Minimum Width of Deep Narrow Networks for Universal Approximation
This work addresses a fundamental theoretical problem in neural network design, providing specific bounds that are incremental to existing knowledge in the field.
The paper tackles the problem of determining the minimum width of fully connected neural networks for universal approximation, showing bounds such as w_min ≤ max(2d_x+1, d_y) for networks with ELU and SELU, and d_x+1 ≤ w_min ≤ d_x+d_y for networks with LeakyReLU, ELU, CELU, SELU, and Softplus.
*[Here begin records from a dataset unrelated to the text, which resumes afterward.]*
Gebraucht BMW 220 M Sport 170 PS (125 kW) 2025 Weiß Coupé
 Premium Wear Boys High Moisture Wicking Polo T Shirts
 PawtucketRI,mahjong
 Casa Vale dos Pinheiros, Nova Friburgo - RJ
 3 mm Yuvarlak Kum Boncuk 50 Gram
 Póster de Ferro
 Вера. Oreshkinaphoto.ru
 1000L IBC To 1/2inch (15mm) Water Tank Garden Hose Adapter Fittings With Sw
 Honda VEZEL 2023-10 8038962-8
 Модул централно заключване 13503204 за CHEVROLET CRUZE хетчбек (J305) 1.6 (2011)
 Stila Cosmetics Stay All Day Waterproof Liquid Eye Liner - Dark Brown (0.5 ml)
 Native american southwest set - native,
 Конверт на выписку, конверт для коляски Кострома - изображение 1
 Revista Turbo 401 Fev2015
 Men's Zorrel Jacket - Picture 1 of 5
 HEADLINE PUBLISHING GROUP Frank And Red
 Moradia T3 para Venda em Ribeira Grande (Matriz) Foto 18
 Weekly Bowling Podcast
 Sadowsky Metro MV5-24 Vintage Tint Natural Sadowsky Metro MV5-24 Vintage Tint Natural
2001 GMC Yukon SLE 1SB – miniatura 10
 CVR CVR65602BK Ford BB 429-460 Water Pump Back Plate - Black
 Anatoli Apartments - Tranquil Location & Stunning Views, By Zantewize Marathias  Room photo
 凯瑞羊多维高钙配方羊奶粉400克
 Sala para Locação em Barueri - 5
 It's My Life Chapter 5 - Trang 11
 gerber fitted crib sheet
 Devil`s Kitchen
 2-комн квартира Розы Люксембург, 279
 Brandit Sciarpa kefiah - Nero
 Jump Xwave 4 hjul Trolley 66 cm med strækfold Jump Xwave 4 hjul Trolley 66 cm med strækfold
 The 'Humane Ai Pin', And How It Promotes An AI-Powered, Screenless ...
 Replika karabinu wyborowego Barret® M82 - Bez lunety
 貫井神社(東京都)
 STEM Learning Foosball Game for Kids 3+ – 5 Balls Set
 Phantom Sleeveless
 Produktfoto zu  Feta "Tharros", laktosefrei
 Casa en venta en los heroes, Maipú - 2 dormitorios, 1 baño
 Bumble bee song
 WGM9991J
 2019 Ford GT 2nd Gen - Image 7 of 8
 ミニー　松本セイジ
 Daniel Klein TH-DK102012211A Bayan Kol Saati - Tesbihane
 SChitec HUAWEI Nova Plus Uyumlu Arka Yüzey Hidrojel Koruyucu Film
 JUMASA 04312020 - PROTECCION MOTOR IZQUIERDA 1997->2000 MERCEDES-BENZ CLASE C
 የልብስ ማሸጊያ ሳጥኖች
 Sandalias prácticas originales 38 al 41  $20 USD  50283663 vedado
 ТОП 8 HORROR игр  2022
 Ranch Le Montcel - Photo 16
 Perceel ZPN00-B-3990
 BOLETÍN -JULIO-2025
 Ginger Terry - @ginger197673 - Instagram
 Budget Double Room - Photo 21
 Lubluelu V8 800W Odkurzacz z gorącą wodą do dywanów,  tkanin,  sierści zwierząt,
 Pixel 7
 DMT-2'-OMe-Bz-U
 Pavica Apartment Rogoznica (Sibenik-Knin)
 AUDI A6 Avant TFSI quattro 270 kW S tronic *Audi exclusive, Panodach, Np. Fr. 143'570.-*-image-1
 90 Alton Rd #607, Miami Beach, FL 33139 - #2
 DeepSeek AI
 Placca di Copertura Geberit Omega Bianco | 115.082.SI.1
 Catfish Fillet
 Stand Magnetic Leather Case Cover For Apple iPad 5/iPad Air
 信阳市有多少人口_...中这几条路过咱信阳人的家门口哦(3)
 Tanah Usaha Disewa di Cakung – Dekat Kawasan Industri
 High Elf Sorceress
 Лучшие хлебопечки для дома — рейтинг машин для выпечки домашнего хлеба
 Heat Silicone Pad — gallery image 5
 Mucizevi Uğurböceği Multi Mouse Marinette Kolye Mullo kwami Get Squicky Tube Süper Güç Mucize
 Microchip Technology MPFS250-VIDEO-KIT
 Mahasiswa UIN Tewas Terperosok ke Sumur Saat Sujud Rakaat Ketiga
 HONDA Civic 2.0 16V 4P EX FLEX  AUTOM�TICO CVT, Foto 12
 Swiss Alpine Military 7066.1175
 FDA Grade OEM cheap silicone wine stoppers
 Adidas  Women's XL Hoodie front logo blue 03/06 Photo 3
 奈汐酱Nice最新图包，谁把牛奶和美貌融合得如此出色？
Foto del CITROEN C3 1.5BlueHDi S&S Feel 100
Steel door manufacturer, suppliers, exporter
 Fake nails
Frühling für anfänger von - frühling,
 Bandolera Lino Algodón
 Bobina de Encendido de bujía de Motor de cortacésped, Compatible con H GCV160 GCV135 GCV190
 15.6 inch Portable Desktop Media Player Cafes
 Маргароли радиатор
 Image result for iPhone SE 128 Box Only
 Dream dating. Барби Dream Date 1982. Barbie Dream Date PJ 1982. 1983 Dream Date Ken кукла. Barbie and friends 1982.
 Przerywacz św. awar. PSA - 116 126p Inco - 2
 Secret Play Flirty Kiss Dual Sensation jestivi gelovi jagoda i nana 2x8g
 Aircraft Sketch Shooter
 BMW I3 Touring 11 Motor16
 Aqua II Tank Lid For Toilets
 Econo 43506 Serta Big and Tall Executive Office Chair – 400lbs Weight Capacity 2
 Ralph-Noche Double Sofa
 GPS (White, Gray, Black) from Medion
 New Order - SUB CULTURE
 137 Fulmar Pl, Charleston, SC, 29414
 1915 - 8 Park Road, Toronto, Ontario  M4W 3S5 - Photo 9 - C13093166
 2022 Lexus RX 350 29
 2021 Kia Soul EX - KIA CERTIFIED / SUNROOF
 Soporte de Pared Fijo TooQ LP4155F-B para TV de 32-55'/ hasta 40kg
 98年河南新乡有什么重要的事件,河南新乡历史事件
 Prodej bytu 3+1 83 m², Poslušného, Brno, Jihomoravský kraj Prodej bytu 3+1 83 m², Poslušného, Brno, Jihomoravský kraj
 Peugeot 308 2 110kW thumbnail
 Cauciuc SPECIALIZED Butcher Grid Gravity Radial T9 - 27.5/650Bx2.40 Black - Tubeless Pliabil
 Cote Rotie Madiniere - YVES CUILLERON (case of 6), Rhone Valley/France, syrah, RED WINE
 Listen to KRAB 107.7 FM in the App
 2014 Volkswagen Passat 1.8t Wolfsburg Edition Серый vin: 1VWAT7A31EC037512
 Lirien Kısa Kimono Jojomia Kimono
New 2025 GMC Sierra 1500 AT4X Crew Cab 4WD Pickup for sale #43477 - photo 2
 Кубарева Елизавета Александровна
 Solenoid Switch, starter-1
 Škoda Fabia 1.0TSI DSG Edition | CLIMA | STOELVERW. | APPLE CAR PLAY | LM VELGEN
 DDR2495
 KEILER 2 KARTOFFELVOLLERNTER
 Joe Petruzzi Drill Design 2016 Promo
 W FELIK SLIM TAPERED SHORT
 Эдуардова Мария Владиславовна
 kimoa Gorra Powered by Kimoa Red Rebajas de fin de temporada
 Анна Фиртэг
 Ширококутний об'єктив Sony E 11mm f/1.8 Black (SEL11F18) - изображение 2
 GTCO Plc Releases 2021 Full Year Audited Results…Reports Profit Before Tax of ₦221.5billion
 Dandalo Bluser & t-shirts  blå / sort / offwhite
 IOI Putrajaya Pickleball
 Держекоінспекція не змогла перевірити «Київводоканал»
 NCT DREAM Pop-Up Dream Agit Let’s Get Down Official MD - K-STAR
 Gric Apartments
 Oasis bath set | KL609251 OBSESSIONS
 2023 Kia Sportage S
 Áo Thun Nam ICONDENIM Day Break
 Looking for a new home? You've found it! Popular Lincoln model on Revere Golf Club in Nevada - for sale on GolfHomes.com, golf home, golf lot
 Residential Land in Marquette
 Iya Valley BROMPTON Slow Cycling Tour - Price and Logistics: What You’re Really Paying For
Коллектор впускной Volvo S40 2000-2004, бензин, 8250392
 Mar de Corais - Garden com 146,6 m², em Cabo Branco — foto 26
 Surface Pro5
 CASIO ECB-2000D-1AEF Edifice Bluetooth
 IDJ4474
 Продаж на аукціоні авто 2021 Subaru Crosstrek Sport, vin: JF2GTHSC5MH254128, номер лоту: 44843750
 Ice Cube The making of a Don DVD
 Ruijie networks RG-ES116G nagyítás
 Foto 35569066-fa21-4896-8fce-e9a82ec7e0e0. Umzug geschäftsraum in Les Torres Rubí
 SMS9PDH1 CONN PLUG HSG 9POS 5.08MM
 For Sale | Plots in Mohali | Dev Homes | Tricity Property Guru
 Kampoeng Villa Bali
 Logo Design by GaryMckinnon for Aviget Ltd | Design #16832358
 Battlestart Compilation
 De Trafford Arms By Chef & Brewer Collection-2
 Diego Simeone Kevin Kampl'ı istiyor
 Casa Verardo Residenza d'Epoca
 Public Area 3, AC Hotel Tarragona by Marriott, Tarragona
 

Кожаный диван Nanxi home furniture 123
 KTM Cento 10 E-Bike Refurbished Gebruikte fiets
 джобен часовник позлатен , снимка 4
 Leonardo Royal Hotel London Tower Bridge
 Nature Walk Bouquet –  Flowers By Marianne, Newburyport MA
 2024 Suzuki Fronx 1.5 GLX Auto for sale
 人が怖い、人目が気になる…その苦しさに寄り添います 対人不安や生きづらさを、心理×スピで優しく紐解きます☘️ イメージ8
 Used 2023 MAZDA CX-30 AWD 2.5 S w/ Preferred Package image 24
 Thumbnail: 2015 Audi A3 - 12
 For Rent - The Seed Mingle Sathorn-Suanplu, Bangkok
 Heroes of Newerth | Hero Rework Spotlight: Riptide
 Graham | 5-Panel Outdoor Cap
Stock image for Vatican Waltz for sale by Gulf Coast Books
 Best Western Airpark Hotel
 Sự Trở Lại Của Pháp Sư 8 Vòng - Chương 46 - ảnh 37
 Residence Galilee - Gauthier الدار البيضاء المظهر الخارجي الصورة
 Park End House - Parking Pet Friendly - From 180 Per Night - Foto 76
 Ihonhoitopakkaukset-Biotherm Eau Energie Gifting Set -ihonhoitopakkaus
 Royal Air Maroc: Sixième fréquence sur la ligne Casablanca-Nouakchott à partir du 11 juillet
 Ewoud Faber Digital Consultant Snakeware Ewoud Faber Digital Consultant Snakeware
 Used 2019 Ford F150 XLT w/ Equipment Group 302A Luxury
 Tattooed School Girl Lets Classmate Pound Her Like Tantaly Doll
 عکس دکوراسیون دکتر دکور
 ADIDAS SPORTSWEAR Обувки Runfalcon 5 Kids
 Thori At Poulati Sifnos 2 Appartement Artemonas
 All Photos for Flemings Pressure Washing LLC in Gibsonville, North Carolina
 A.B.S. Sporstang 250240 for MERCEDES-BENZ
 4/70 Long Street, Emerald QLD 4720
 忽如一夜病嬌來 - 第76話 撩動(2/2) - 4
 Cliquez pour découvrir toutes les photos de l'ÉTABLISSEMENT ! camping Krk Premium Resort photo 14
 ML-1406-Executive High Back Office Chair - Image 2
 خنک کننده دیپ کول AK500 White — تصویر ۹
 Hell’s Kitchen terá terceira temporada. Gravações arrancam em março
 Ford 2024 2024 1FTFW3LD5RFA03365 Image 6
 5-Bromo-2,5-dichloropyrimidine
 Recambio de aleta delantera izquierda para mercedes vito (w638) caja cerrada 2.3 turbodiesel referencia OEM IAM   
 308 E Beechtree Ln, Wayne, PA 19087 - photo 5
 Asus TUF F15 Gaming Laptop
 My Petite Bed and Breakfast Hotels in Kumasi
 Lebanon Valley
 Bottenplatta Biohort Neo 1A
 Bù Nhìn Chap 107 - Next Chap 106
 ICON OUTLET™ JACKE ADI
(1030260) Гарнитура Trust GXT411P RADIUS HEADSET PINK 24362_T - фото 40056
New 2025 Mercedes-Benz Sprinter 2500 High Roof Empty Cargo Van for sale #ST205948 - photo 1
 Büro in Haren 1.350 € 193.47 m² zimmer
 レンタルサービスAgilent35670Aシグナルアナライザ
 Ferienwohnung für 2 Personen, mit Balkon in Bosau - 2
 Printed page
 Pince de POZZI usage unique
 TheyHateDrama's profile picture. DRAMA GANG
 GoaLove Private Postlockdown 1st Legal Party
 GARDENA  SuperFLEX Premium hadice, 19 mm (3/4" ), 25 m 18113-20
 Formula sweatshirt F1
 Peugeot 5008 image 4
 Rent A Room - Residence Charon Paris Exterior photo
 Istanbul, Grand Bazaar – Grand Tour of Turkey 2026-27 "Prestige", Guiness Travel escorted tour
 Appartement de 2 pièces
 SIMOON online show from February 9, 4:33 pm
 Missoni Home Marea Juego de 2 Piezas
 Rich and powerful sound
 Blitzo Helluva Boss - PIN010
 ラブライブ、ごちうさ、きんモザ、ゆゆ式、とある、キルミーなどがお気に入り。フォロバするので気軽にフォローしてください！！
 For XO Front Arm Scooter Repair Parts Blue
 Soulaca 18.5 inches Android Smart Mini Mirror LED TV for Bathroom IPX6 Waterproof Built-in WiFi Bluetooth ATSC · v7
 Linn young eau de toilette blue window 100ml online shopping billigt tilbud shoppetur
Determining the minimum width of fully connected neural networks has become a fundamental problem in recent theoretical studies of deep neural networks. In this paper, we study the lower bounds and upper bounds of the minimum width required for fully connected neural networks in order to have universal approximation capability, which is important in network design and training. We show that $w_{min}\leq\max(2d_x+1, d_y)$ for networks with ELU, SELU, and the upper bound of this inequality is attained when $d_y=2d_x$, where $d_x$, $d_y$ denote the input and output dimensions, respectively. Besides, we show that $d_x+1\leq w_{min}\leq d_x+d_y$ for networks with LeakyReLU, ELU, CELU, SELU, Softplus, by proving that ReLU can be approximated by these activation functions. In addition, in the case that the activation function is injective or can be uniformly approximated by a sequence of injective functions (e.g., ReLU), we present a new proof of the inequality $w_{min}\ge d_y+\mathbf{1}_{d_x<d_y\leq2d_x}$ by constructing a more intuitive example via a new geometric approach based on Poincar$\acute{\text{e}}$-Miranda Theorem.